Leva’s enthusiasm extends beyond the stage itself: “The working atmosphere is wonderful, everyone is extremely kind and professional. I’ve been here for a month now and I still don’t feel homesick—that means I’m having a really good experience.”
Born in Reggio Calabria, Maria Teresa Leva graduated with top marks from the Francesco Cilea Conservatorium. Her path, however, did not begin with a calling to opera.
“As a teenager I dreamed of being a pop singer,” she reveals. “I even took part in some TV talent shows. At the beginning, I didn’t like opera at all.”
She entered the Conservatorium almost by chance, on her father’s advice, when she was just sixteen.
“I had never even seen an opera live,” she admits, adding that the precise turning point came in the theatre.
“My teacher forced me to go and see an opera,” Leva recalls, “It was Turandot, with the great Giovanna Casolla. I cried the whole time—it was a shock.
“I walked out of the theatre thinking that maybe this was what I was meant to do.
“Years later, I sang Liù alongside Casolla. I told her that story and she wrote a dedication for me on the score. It’s a memory I treasure.”
From 2014 onwards, Leva’s career gained momentum when she won the Ottavio Ziino Competition in Rome and simultaneously debuted as Mimì in La bohème and Micaela in Carmen, followed by a succession of roles that took her to major stages in Italy and abroad.
Aida, Cio-Cio-San, Violetta, Amelia, Leonora, Adriana Lecouvreur: complex, demanding characters that require both technical solidity and deep emotional involvement.
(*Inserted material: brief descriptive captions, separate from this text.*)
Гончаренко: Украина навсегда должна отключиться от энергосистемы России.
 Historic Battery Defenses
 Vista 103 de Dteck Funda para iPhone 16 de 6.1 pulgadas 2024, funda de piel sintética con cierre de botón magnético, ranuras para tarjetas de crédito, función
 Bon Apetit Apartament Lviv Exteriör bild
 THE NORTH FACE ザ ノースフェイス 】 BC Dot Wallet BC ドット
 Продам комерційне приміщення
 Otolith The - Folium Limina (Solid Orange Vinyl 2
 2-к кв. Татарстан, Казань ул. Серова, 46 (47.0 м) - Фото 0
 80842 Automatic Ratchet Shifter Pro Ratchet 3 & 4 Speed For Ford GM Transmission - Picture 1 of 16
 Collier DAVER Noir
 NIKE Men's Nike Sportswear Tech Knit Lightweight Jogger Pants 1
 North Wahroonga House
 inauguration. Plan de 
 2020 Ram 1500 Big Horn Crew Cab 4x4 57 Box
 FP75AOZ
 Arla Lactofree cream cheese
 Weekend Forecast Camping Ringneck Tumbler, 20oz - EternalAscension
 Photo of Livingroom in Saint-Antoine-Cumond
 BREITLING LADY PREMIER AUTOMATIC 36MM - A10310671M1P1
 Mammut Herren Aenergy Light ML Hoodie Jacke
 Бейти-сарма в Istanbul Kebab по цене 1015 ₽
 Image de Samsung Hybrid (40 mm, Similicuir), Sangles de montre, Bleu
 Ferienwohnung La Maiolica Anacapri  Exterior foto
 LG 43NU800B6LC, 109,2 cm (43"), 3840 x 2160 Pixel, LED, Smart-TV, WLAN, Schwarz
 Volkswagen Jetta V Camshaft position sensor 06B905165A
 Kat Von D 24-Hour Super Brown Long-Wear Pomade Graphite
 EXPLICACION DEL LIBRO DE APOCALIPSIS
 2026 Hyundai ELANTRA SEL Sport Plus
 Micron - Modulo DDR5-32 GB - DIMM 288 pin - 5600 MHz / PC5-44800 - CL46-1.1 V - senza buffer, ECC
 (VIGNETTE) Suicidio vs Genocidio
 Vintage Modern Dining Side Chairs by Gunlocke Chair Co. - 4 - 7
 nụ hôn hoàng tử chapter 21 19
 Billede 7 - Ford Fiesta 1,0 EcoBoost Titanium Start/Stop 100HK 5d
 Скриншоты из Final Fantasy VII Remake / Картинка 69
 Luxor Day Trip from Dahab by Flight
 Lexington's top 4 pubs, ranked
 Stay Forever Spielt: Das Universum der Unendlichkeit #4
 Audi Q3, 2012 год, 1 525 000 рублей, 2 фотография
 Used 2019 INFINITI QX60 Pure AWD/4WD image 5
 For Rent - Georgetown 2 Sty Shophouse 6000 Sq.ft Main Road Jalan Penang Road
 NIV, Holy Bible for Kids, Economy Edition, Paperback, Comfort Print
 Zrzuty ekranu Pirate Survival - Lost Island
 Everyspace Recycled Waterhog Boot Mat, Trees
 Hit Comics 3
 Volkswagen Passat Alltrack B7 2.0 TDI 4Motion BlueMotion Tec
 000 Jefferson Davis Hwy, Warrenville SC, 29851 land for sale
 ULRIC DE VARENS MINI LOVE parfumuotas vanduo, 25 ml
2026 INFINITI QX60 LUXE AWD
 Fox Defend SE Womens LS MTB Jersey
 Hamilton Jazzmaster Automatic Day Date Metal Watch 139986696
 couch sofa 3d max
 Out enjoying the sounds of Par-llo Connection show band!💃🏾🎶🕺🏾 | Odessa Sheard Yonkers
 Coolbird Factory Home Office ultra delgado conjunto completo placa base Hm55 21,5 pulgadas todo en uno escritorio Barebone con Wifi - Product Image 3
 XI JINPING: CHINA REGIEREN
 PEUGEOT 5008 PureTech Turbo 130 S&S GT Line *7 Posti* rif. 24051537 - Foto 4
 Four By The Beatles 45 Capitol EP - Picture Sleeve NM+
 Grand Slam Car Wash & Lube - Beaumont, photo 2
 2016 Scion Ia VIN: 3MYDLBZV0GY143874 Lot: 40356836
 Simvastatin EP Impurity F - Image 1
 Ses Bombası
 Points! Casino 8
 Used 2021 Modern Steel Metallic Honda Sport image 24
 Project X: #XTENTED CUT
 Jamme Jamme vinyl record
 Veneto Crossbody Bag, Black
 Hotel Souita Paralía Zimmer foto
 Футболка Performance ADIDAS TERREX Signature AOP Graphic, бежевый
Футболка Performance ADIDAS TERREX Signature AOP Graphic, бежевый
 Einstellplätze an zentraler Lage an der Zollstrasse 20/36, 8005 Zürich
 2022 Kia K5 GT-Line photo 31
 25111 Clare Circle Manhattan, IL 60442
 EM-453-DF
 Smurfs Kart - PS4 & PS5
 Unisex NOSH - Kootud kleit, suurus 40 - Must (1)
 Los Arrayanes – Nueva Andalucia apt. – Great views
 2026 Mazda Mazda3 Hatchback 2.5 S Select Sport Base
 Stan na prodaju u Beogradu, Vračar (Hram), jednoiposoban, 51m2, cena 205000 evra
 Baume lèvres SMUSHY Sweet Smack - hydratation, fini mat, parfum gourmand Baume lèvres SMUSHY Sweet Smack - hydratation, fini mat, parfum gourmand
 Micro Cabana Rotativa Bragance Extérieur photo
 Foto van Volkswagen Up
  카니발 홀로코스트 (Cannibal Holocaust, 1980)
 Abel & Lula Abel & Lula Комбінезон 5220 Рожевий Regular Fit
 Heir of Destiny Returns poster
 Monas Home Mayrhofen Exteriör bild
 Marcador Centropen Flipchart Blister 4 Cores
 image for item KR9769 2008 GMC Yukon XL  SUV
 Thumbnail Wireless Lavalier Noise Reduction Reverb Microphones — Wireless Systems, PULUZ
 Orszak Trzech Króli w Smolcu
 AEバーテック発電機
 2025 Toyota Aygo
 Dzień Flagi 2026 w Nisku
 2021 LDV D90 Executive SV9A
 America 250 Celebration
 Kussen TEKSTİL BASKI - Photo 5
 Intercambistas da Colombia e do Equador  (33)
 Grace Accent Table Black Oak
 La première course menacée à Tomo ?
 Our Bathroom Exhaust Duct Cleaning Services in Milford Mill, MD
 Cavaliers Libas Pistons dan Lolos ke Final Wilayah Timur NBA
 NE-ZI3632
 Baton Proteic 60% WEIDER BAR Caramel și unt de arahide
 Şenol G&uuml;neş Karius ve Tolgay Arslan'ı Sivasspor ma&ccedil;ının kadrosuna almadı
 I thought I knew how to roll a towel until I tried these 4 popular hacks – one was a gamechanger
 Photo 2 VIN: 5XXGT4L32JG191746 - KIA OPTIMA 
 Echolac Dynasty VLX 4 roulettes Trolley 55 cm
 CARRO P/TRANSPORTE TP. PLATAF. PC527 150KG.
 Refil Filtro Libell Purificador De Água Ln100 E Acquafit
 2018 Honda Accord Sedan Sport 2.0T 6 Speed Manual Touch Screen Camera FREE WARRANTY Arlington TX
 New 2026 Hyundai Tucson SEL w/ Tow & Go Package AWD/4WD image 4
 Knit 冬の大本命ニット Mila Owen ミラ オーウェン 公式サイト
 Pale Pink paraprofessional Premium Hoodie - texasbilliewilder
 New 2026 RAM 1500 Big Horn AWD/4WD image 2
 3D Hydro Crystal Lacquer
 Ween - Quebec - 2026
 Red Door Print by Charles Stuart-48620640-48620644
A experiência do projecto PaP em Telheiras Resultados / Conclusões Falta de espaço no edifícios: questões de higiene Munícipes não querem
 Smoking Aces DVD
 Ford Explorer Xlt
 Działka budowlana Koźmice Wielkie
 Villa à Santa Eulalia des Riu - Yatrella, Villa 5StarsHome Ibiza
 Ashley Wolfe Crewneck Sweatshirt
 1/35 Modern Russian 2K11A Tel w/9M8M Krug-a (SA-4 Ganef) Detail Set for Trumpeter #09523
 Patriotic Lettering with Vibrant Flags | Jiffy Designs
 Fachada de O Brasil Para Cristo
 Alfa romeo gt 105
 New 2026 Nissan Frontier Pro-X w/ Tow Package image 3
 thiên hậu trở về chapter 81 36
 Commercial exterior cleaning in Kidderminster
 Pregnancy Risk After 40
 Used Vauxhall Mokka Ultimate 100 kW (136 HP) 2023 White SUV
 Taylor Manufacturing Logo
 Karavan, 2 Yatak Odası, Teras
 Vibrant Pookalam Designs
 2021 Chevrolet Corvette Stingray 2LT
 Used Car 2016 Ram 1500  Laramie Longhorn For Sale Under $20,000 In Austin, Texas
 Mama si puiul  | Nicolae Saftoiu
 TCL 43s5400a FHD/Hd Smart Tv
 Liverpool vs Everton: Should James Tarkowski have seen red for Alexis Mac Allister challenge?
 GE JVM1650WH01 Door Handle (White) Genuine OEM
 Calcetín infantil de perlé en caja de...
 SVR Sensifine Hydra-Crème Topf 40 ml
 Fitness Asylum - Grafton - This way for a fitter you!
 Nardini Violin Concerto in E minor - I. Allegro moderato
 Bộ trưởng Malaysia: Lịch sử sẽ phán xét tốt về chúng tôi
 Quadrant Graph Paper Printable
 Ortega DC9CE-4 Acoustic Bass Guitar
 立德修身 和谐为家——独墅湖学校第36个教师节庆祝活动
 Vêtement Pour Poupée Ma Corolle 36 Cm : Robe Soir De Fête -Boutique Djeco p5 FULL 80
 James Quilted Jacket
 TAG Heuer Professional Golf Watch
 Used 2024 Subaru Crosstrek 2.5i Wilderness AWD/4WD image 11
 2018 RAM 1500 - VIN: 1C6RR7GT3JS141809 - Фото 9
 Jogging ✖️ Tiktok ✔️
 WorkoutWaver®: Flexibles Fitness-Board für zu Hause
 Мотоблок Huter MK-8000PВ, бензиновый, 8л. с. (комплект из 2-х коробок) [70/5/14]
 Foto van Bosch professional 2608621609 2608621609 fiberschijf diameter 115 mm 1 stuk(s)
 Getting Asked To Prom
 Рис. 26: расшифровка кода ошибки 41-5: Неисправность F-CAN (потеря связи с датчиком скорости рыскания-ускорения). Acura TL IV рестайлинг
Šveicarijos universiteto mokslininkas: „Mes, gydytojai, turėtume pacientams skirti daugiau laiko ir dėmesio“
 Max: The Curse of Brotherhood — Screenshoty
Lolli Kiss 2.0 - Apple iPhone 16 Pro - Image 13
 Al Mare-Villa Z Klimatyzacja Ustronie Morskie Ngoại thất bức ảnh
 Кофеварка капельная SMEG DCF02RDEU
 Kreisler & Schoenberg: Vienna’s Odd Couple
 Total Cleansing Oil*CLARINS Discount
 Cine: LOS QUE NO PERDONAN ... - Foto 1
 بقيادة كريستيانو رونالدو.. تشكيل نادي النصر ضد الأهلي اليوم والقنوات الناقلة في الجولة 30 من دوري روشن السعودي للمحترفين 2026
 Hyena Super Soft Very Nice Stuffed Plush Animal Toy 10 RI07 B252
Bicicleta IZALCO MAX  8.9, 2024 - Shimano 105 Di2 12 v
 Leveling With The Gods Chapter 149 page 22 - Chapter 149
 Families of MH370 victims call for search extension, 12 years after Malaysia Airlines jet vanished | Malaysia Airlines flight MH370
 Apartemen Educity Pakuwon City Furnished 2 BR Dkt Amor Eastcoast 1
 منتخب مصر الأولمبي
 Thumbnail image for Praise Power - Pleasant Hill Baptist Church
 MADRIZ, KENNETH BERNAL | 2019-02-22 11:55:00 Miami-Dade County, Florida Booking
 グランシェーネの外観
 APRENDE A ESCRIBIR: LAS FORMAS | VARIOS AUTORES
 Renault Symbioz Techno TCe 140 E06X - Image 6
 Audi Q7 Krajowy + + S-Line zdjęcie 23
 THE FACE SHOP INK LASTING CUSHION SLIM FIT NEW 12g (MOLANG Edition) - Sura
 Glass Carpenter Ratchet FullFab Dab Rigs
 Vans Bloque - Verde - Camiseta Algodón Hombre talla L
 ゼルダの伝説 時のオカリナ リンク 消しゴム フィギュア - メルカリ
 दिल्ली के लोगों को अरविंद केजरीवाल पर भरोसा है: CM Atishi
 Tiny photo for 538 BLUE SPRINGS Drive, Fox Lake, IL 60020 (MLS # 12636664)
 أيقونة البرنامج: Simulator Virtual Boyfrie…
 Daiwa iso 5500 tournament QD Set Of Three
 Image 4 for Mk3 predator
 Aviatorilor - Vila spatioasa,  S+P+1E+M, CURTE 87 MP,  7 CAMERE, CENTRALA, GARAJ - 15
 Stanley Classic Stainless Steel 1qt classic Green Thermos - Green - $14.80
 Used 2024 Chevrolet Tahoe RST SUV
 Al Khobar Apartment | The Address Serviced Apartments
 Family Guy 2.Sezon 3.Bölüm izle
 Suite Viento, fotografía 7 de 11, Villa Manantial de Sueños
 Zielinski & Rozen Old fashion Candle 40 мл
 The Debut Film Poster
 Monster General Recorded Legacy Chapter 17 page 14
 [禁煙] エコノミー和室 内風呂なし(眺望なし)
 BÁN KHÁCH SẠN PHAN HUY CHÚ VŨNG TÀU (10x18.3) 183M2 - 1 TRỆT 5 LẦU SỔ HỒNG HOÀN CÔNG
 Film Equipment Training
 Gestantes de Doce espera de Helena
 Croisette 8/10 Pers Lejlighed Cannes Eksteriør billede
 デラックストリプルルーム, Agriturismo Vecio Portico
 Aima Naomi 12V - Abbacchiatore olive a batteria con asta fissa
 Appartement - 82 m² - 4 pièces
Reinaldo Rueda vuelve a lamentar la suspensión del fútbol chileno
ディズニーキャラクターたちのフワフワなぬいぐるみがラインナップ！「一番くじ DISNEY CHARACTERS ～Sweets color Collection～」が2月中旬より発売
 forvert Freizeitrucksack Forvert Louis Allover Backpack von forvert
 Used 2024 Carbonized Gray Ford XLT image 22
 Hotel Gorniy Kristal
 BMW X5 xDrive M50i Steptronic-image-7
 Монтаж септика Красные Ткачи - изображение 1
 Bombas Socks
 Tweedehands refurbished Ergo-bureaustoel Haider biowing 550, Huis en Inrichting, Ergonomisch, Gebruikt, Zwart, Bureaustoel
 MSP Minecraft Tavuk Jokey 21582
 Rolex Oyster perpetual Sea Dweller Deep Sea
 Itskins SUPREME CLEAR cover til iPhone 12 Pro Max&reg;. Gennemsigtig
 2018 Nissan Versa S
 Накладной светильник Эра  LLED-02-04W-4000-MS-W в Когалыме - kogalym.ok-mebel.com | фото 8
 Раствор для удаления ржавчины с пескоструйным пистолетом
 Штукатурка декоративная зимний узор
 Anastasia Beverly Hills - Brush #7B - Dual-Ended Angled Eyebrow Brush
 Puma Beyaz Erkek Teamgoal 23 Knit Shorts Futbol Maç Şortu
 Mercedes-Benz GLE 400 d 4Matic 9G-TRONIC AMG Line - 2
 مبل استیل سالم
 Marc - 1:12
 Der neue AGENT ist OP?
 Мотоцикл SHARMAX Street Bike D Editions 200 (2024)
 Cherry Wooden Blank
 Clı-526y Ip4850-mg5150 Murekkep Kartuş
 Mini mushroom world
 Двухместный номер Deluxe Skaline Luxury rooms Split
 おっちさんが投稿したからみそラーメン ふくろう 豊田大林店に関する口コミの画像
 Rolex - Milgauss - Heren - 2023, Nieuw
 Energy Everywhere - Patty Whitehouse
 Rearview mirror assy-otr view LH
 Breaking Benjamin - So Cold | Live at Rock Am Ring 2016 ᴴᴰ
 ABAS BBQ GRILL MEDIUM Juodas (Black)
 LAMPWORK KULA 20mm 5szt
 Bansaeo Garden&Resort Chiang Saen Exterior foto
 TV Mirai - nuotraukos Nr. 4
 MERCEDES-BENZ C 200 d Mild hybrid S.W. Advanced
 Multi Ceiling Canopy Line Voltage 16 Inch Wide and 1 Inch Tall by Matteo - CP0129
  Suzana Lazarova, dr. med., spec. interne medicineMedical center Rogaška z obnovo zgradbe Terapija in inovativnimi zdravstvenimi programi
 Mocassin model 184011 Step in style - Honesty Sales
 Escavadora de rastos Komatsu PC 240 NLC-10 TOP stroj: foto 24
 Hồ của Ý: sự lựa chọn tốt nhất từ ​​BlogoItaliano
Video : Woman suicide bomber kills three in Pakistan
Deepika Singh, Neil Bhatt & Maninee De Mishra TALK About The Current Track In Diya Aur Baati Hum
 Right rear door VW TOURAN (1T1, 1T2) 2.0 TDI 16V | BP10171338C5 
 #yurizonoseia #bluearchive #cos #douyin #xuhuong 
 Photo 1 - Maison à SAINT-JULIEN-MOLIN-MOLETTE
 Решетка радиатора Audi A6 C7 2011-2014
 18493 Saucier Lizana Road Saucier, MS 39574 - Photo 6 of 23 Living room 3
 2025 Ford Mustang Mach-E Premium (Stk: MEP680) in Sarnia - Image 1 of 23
Her repertoire moves naturally between Verdi and Puccini. “They are both great loves of mine,” she says. “With Aida I feel I have something extra to say, even if the story isn’t among my favourites—it’s Verdi’s music that gives me a particular energy and vocal colour.
“Butterfly, on the other hand, completely overwhelms me: the day after a performance I’m emotionally drained. It’s an opera that goes through you physically.”
For Leva, authenticity is essential: “If you don’t live the story yourself, you can’t convey it. What reaches the audience is real emotion.”
Singing abroad also means carrying a strong sense of identity. “Italian singers are very highly valued outside Italy,” she says. “Here, as soon as you say you’re Italian, everyone lights up.
“It’s our culture, our heritage, something we carry in our blood. It’s an added value that we often don’t know how to make the most of.”
At the heart of everything lies technique. “It has to be maintained every day, even in the smallest daily habits,” Leva explains. “The elasticity of the vocal cords is fundamental.”
And then there is silence, almost ritual: “Before and after a performance I need silence. It’s as if the voice needs time to focus and then to rest.”
Among her recent engagements is also her debut as Tosca, an important step that marks a further stage in her artistic journey, alongside the great Puccini and Verdi roles she continues to perform on prestigious international stages.
A journey that now brings her to Sydney with Liù—a character that symbolically completes a circle begun many years ago, when Turandot first revealed to her the transformative power of opera.